(20 pts) Solve the IVP: y'''' - y = u_{1} - u_{2}, y(0) = 0, y'(0) = 0, y''(0) = 0, y'''(0) = 0.

### Solution

For this problem we shall be using the Laplace transform. Because of the vanishing initial conditions, the equation is getting transformed into

(s^{4} - 1) Y(s) = (e^{-s} - e^{-2s})/s.
So that

Y(s) = (e^{-s} - e^{-2s})/s(s^{4} - 1).
Let's ignore the numerator for a moment and find the inverse Laplace transform of G(s) = 1/s(s^{4} - 1). The partial fractions is the way to go. Since s^{4} - 1 = (s^{2} - 1)(s^{2} + 1) = (s + 1)(s - 1)(s^{2} + 1), we should be looking at

1/(s^{4} - 1) = A/(s - 1) + B/(s + 1) + (Cs + D)/(s^{2} + 1) + E/s.
Reduction to the common denominator gives:

1 = A(s + 1)(s^{2} + 1)s + B(s - 1)(s^{2} + 1)s + (Cs + D)(s^{2} - 1)s + E(s^{4} - 1)
Let's compare the coefficients of various powers of s on both sides:

4: 0 = A + B + C +E.

3: 0 = A - B + D.

2: 0 = A + B - C.

1: 0 = A - B - D.

0: 1 = -E

The last equation gives E = -1. From the second and the fourth equations, A - B = 0. So that A = B. From the first and the third equations, A + B = -E/2 = 1/2. Conclude that A = 1/4 and B = 1/4.

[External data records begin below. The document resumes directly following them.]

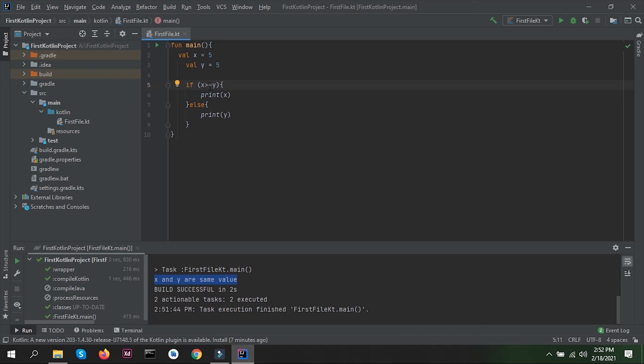This is how you use if-else and nested if-else statements in Kotlin. We've also seen arithmetic operators and how to use them. That's it for this video — in the next video we'll see other topics in Kotlin as well. Until then, bye-bye and stay safe.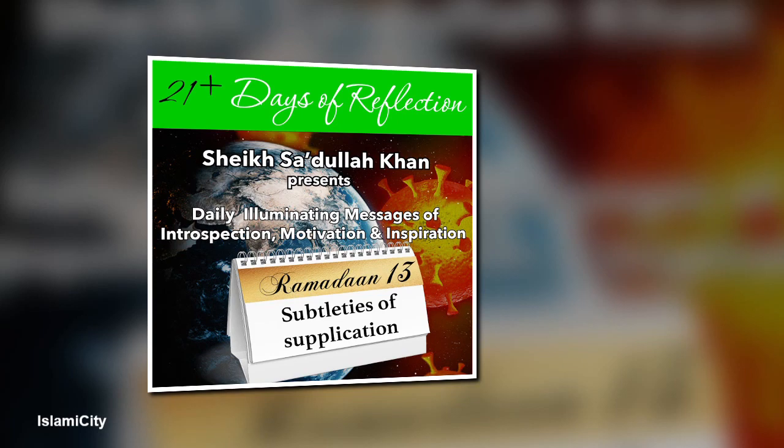Dua incorporates praise, thanksgiving, hope, and calling Allah to assist those in need.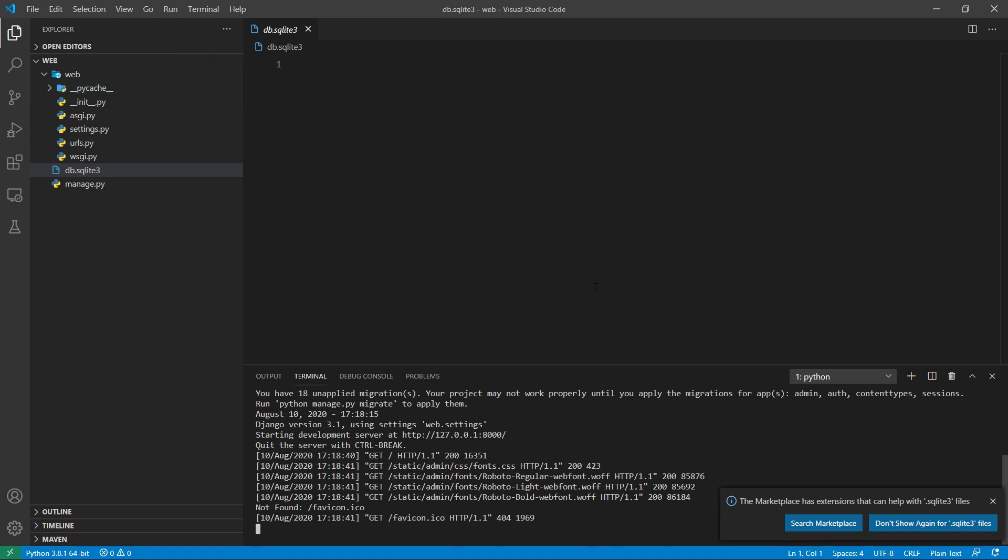Django admin and manage.py are both command-line utilities provided by Django. The first one is installed when we install Python, and the second one, manage.py, is added into every Django project. Both provide the same functionalities.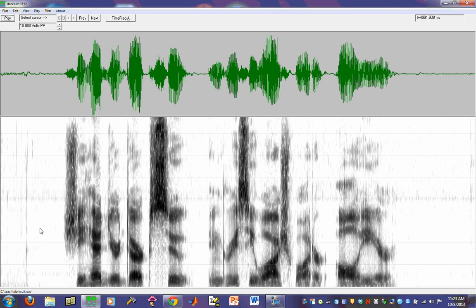Hi, and welcome to this next tutorial on how to use the TF32 acoustic analysis software for analyzing speech signals.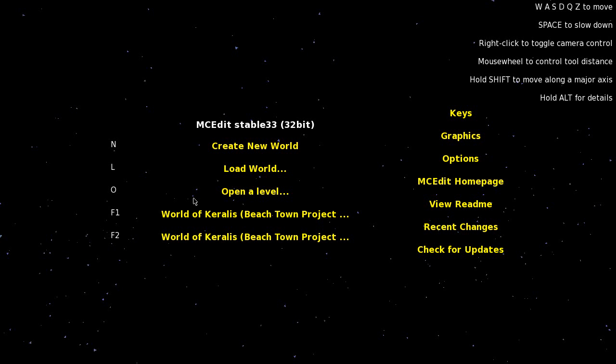Hey guys, it's Keralis. I thought while I wait on my new let's build to upload to YouTube, I'd make a quick tutorial on how to export schematics using MCEdit.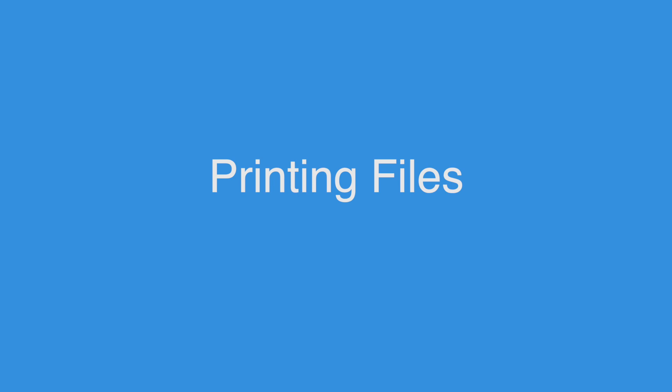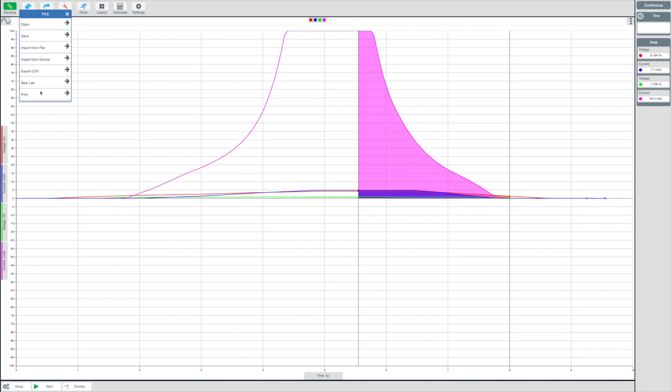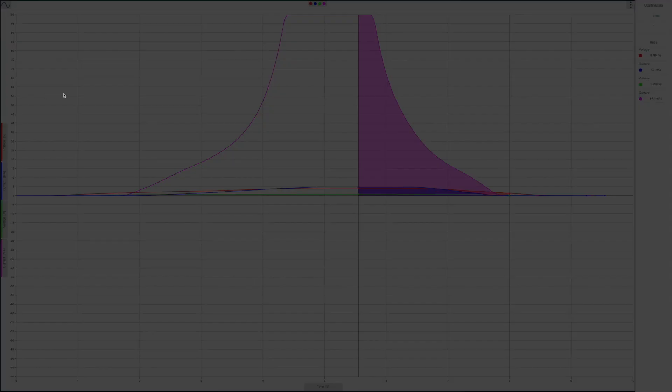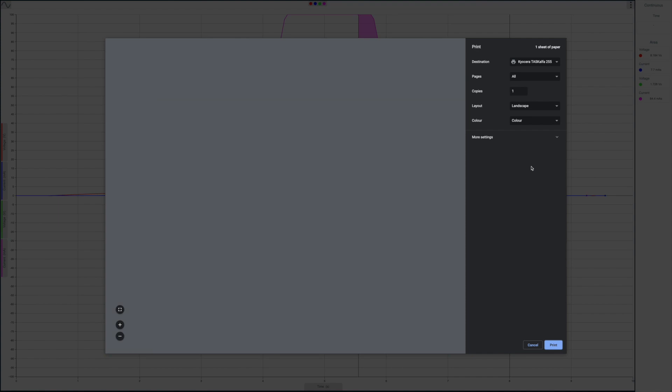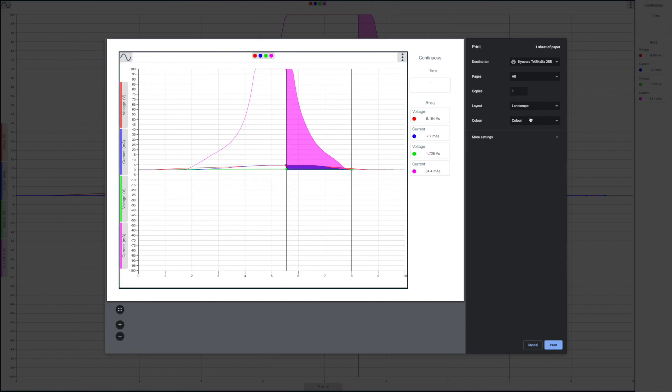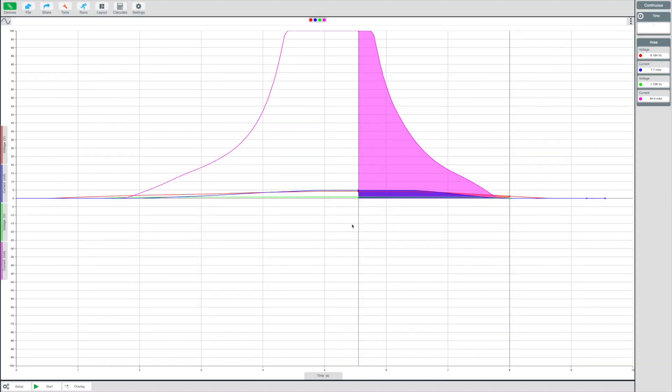Before we look at the new lab options within the file menu, let's look at printing your graph for your own reporting. From the file menu, select Print to open the print dialog. For the best results, choose Landscape from your printer's layout settings and then select Print.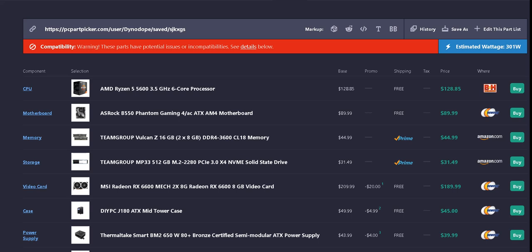Team Group MP33 512 gigabyte M.2 NVMe solid state drive for the storage. That's $31.49 off of Amazon with free shipping if you have Prime.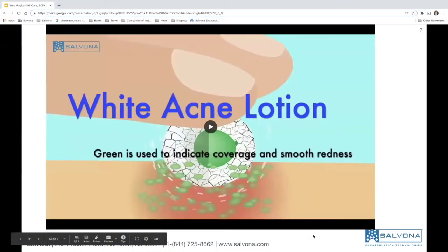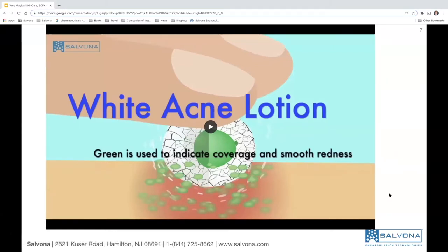In this webinar we will focus on technologies that allow you to create products that change color when you activate them. This is an example of a white anti-acne lotion. In this case we are using benzoyl peroxide — it's a medicated product and very good as an acne therapy, but it's very difficult to formulate with and very aggressive on the skin.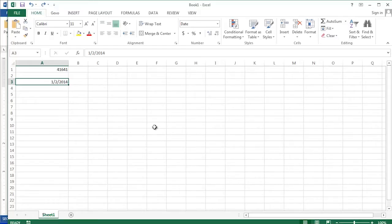Today we're using Excel 2013. However, the technique is exactly the same in Excel 2010.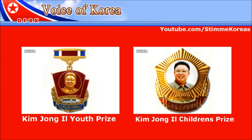The President of the Supreme People's Assembly of the DPRK issued Decree No. 2152 on instituting the Kim Jong-il Youth Honor Prize and Decree No. 2153 on instituting the Kim Jong-il Children Honor Prize on the occasion of the 70th birth anniversary of the great leader Kim Jong-il. The decrees said these prizes, along with the Kim Il-sung Youth Honor Prize and the Kim Il-sung Children Honor Prize, are the top prizes of Korean youth and children.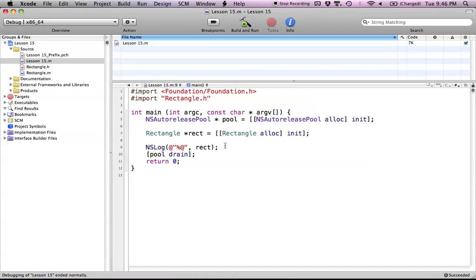The nice thing about the init method is that it's nothing really special — it's just a method called init that returns an object. We could technically call it whatever we want, but init is by convention what initializers are called. We can make new methods with parameters, like initWithHeight: taking an integer height, or initWithHeight:width: taking two parameters. We can have a bunch of init methods that do different things.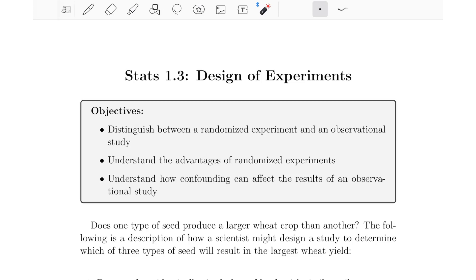Hello everyone, welcome to the third statistics lesson. In this video we're going to try to meet the following objectives. First, we're going to distinguish between randomized experiments and observational studies. Then we're going to try to understand the advantages of randomized experiments, and then finish by talking about confounding and how that can affect the results of an observational study.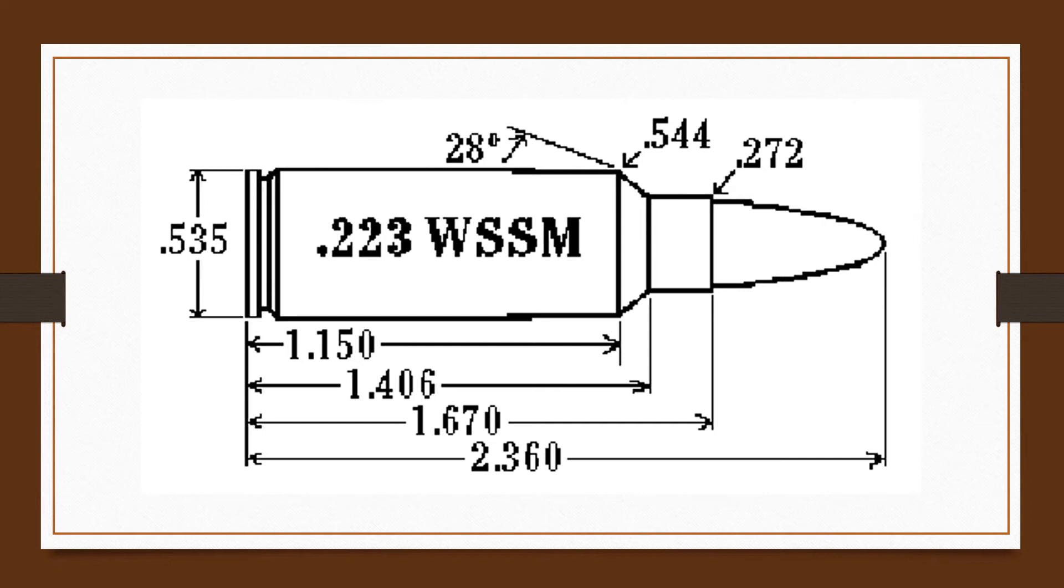Cartridges will be available in three bullets: a 55 grain Ballistic Silver Tip, a 55 grain Pointed Soft Point, and a 64 grain Power Point. Winchester Super Short Magnum velocities are targeted at roughly 200 feet per second faster than .22-250 offerings.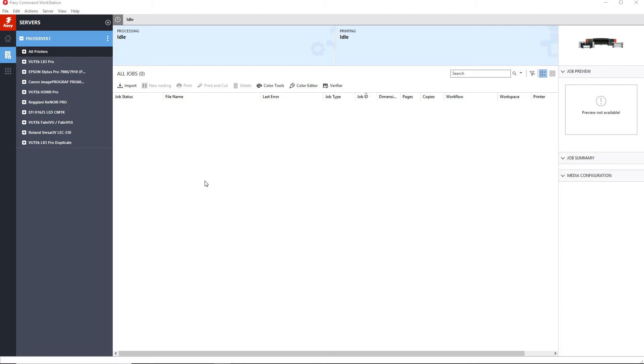To keep your system running smoothly, or to free up additional hard drive space, you may find it necessary to delete certain files from your Fiery server.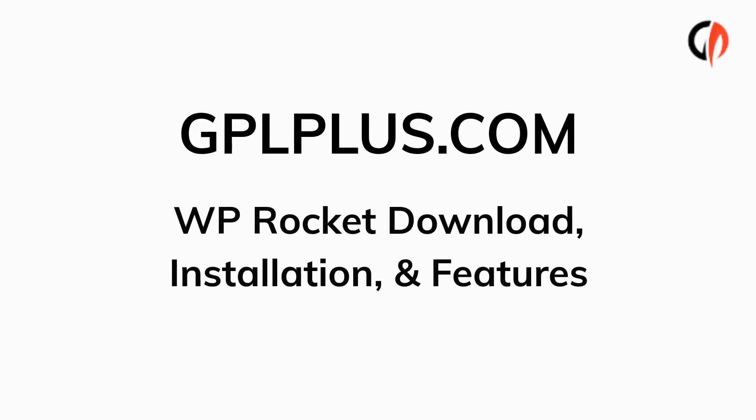This video will show you a brief summary of WP Rocket plugin download, installation, and premium features.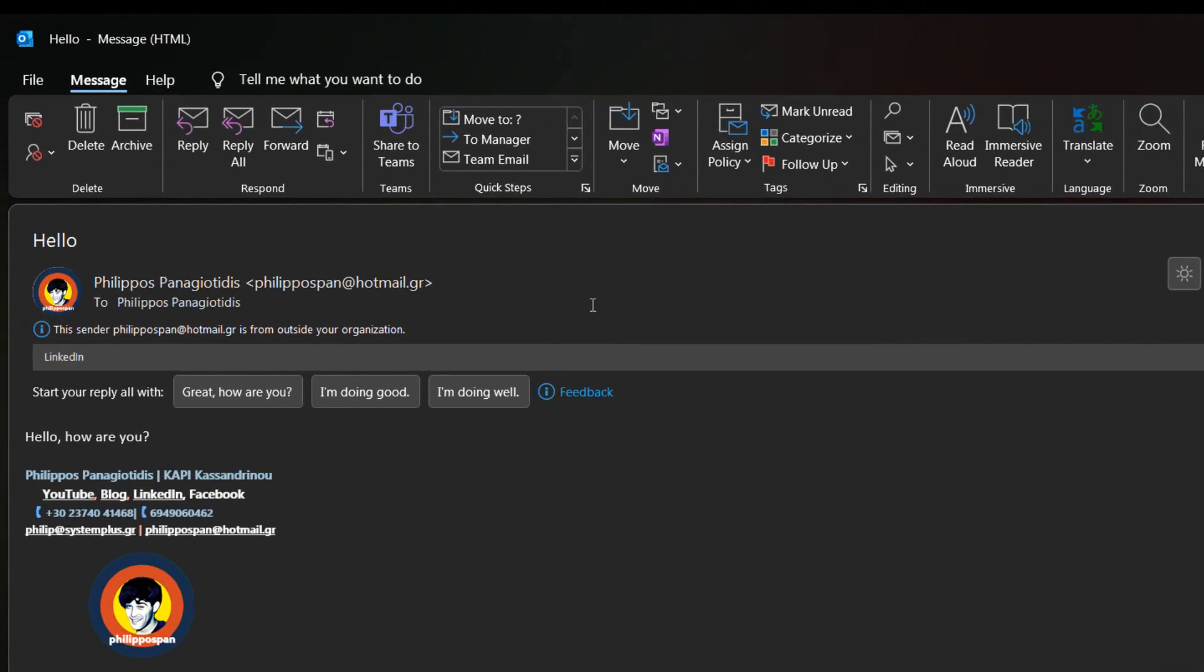Among all the usual information that we receive, such as the subject, the sender, and the body text of the message, we notice the Suggested Replies area mentioning start your reply of all with.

Since in the fourth equation A - B = 0, D is also 0. In the third equation C = A + B = 1/2, so that C = 1/2.
G(s) = 1/4·1/(s - 1) + 1/4·1/(s + 1) + 1/2·s/(s^{2} + 1) - 1/s.
This is the Laplace transform of the function

g(t) = 1/4·e^{t} + 1/4·e^{-t} + 1/2·cos(t) - 1.
The solution is the difference of two translations of g:

### Answer

y(t) = u_{1}(t)·g(t - 1) - u_{2}(t)·g(t - 2).